## Source data
· · ·
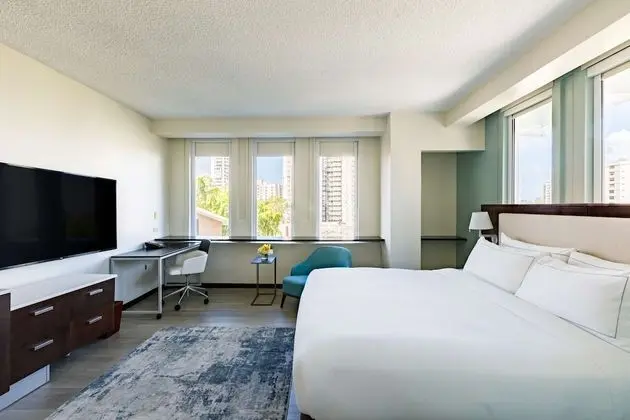Room, 1 King Bed  Accessible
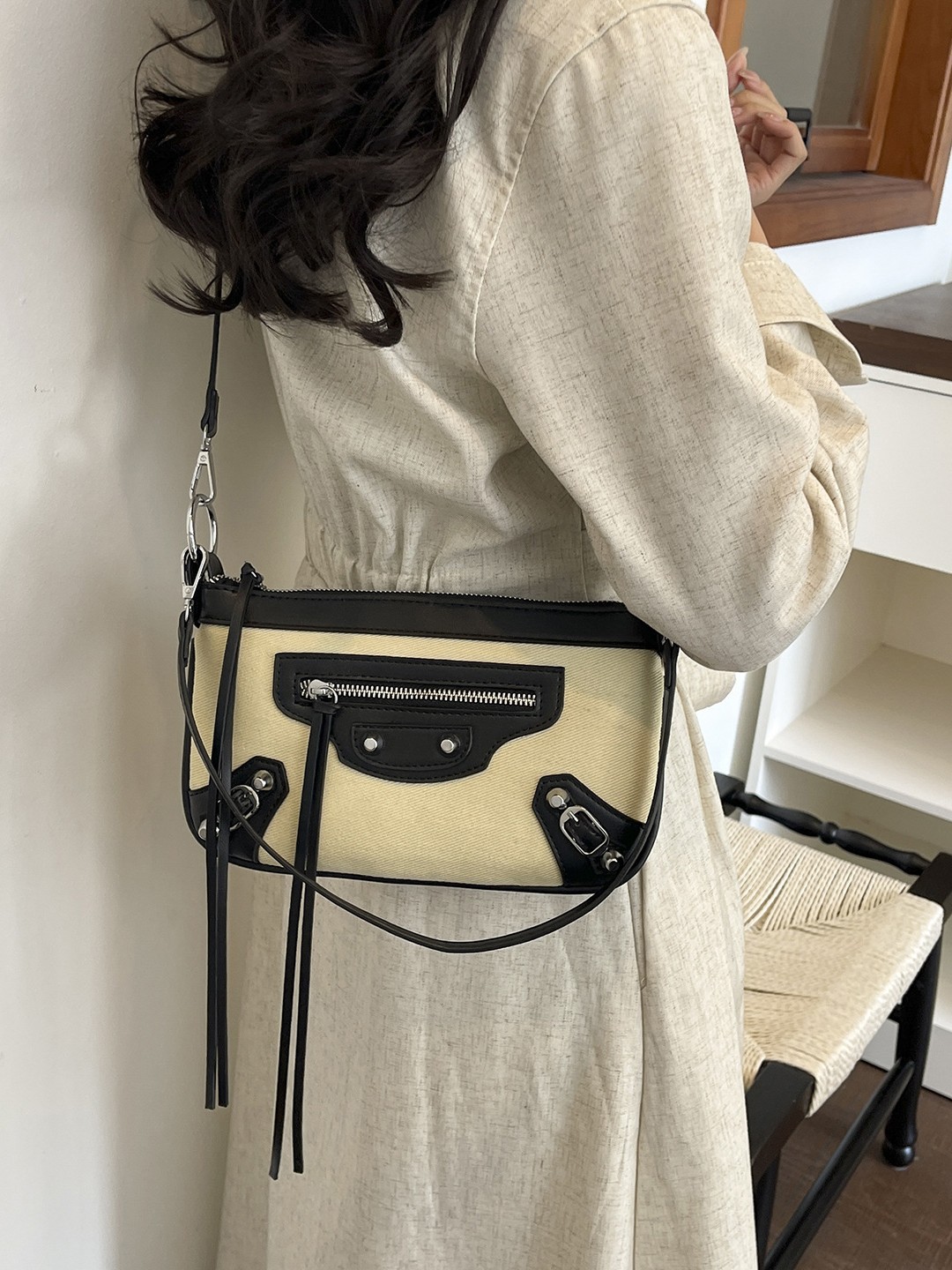 Bolsos de alta calidad para mujeres 2026 nueva textura de moda remaches locomotora viento bolsos de tendencia transfronteriza bolsos de mochila image 5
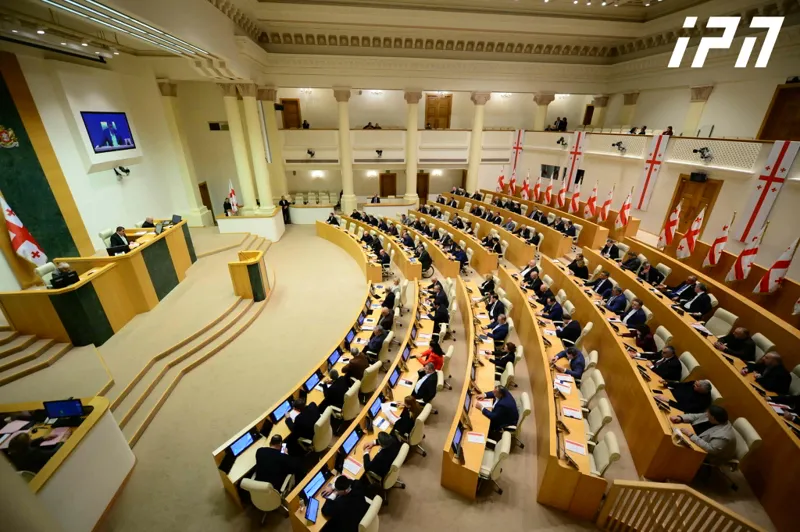 პარლამენტმა საბოლოო მოსმენით დაამტკიცა პროექტი, რომლის ამოქმედების შედეგად ქონების გადასახადზე 40 000-ლარიანი ზღვარი უქმდება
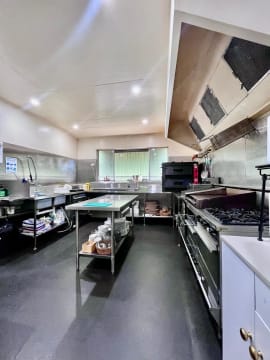 Signal Station Tavern Offers Over $99,000+sav Easy Operation, Main Rd Frontage, Highly Profitable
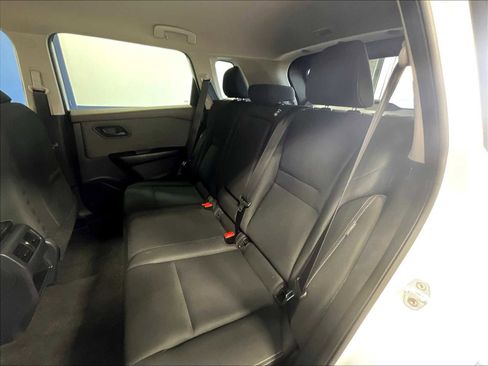 Certified 2023 Nissan Rogue S image 15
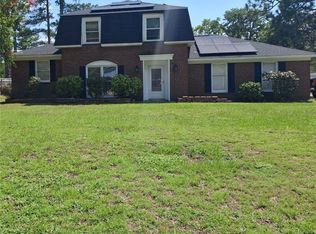 5839 Rivercroft Rd, Fayetteville, NC 28304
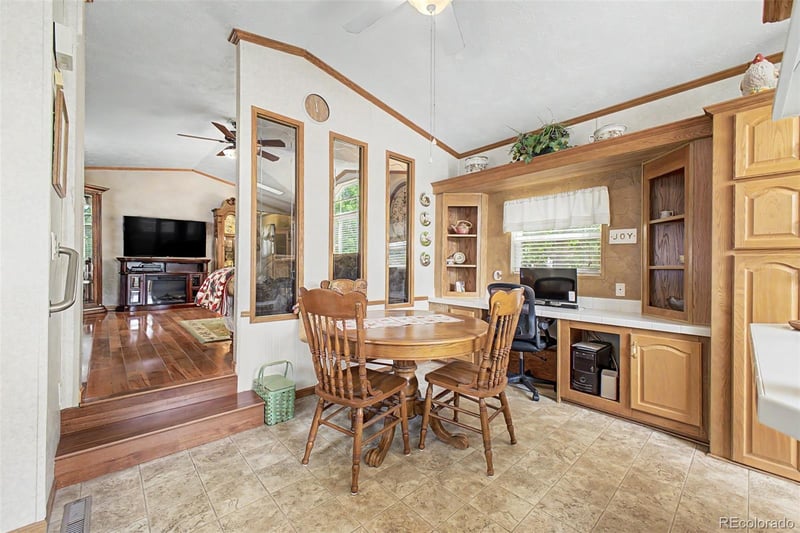 6705 S Santa Fe Dr Lot 60, Littleton, CO 80120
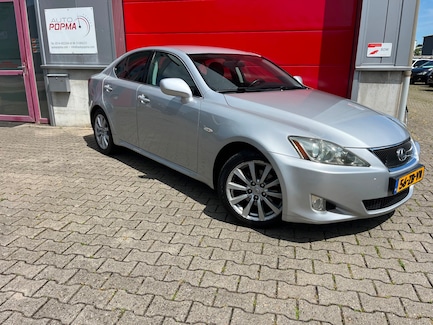 Lexus IS 0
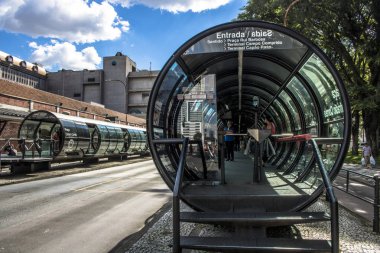 Curitiba, Parana, Januay 03, 2018. Metro İstasyonu, otobüs durağı tüp şeklindeki entegre ulaşım ağı, Eufrasio Correia kare, Curitiba downrown yolcu hareketinde görünümünü. Dünyaca ünlü için onun effi Curitiba otobüs sistemidir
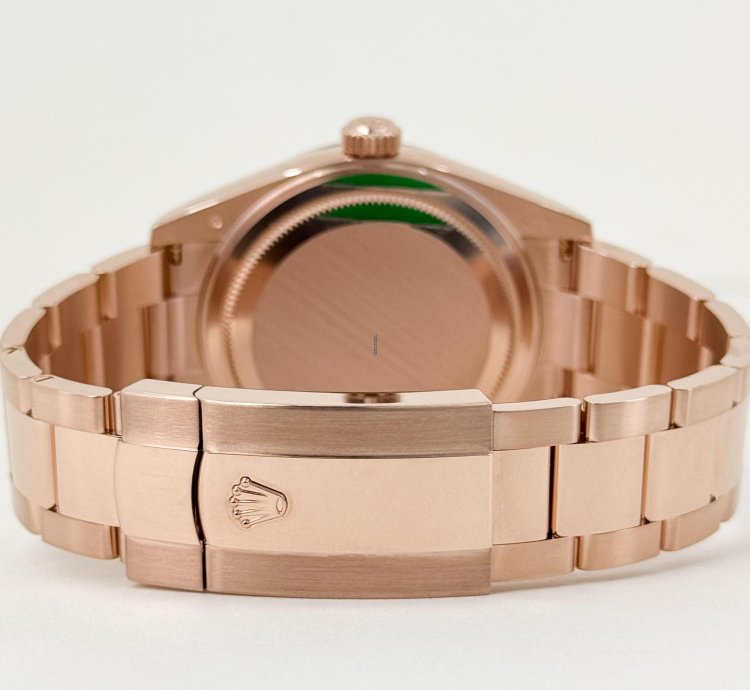 Rolex Sky-dweller 42mm Fluted Bezel Everose Gold Blue Index Dial Oyster Bracelet 336935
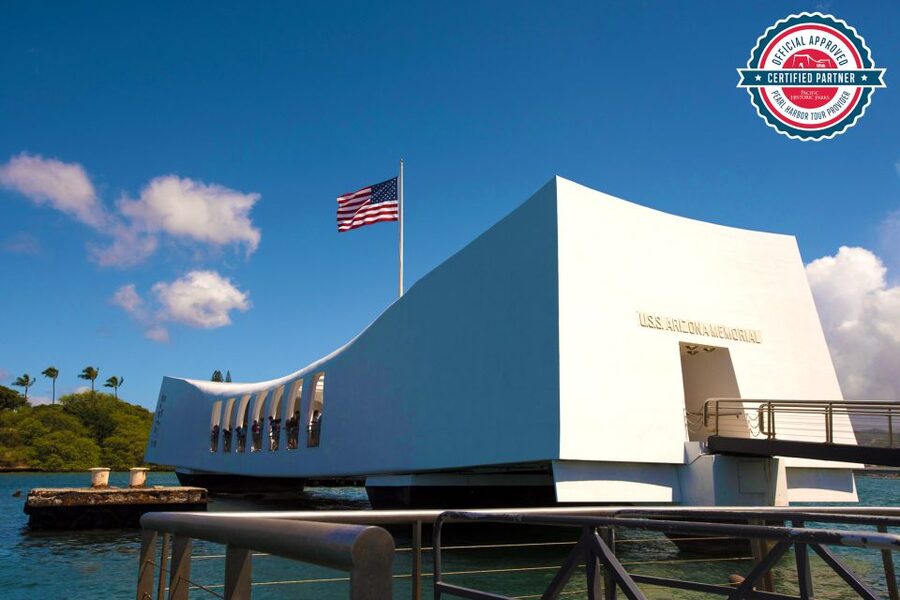 Oahu: Pearl Harbor, Arizona Memorial & Honolulu City Tour - Waikiki pickup keeps the morning simple
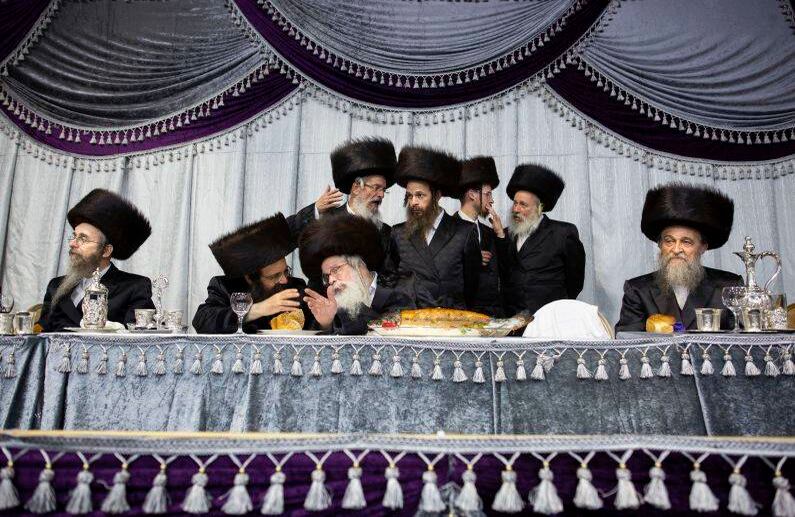 En esta foto del 20 de agosto de 2019, judíos ultraortodoxos asisten a la ceremonia de boda de Hannah Halbershtam y Menahem Nachum, el hijo del rabino de la dinastía jasídica Nadvorna, en la ciudad ultraortodoxa de Bnei Brak, cerca de Tel Aviv, Israel. (Foto AP / Oded Balilty)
· · ·
Restate, exactly as they appear, the line with "Rolex Sky-dweller 42mm" and all the lines after it up to the end of the data above; images do not belong in the copy.

 Rolex Sky-dweller 42mm Fluted Bezel Everose Gold Blue Index Dial Oyster Bracelet 336935
 Oahu: Pearl Harbor, Arizona Memorial & Honolulu City Tour - Waikiki pickup keeps the morning simple
 En esta foto del 20 de agosto de 2019, judíos ultraortodoxos asisten a la ceremonia de boda de Hannah Halbershtam y Menahem Nachum, el hijo del rabino de la dinastía jasídica Nadvorna, en la ciudad ultraortodoxa de Bnei Brak, cerca de Tel Aviv, Israel. (Foto AP / Oded Balilty)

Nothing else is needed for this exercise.